• Work item: Wherever a picture appears in the listing, leave it out, and copy the rest exactly.
Segment Start: Data segment
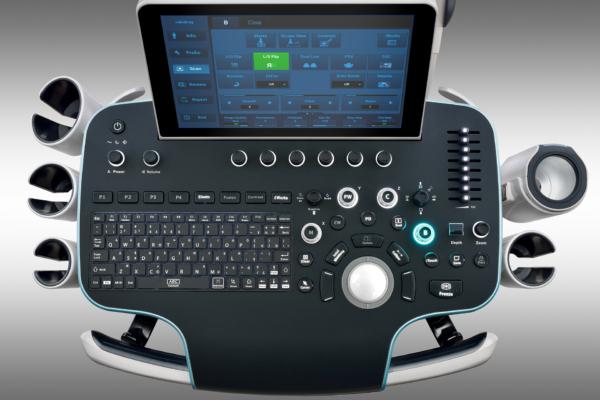 Used Mindray Resona 7 Ultrasound Used Mindray Resona 7 Ultrasound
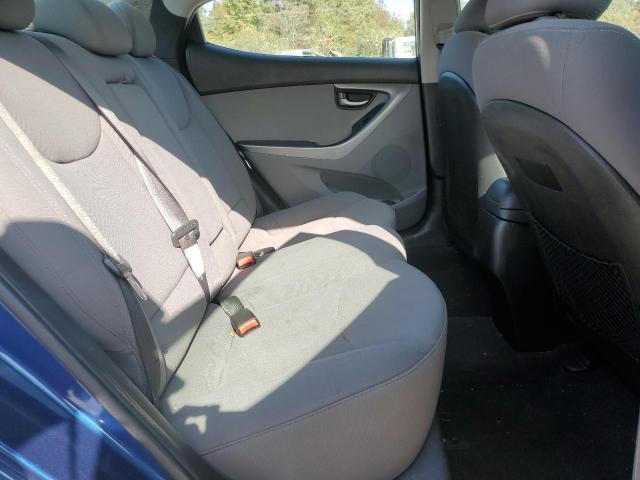 Photo 9 VIN: 5NPDH4AE5FH558806 - HYUNDAI ELANTRA SE 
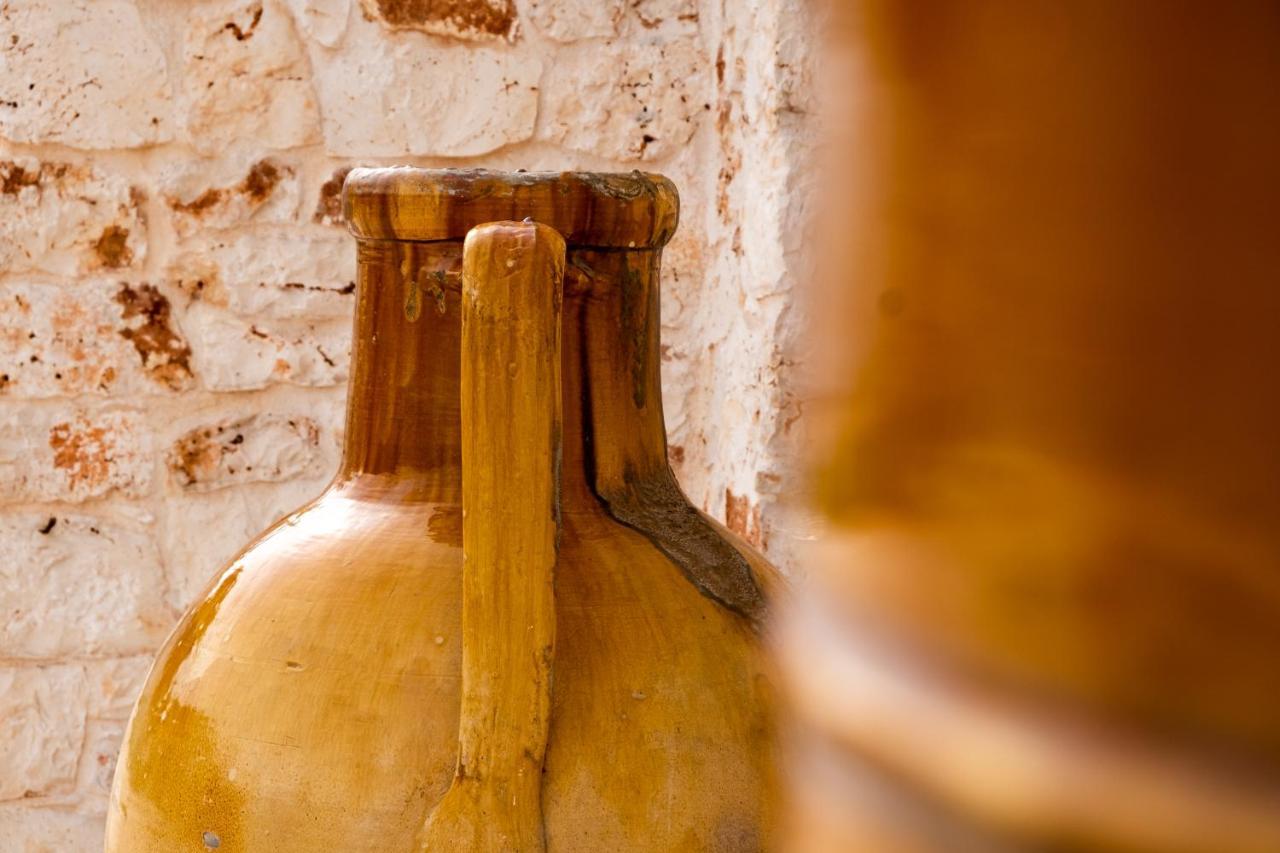 Casa Tonini Villa Ostuni Eksteriør billede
Segment End: Data segment
• Solved problem:
 Used Mindray Resona 7 Ultrasound Used Mindray Resona 7 Ultrasound
 Photo 9 VIN: 5NPDH4AE5FH558806 - HYUNDAI ELANTRA SE 
 Casa Tonini Villa Ostuni Eksteriør billede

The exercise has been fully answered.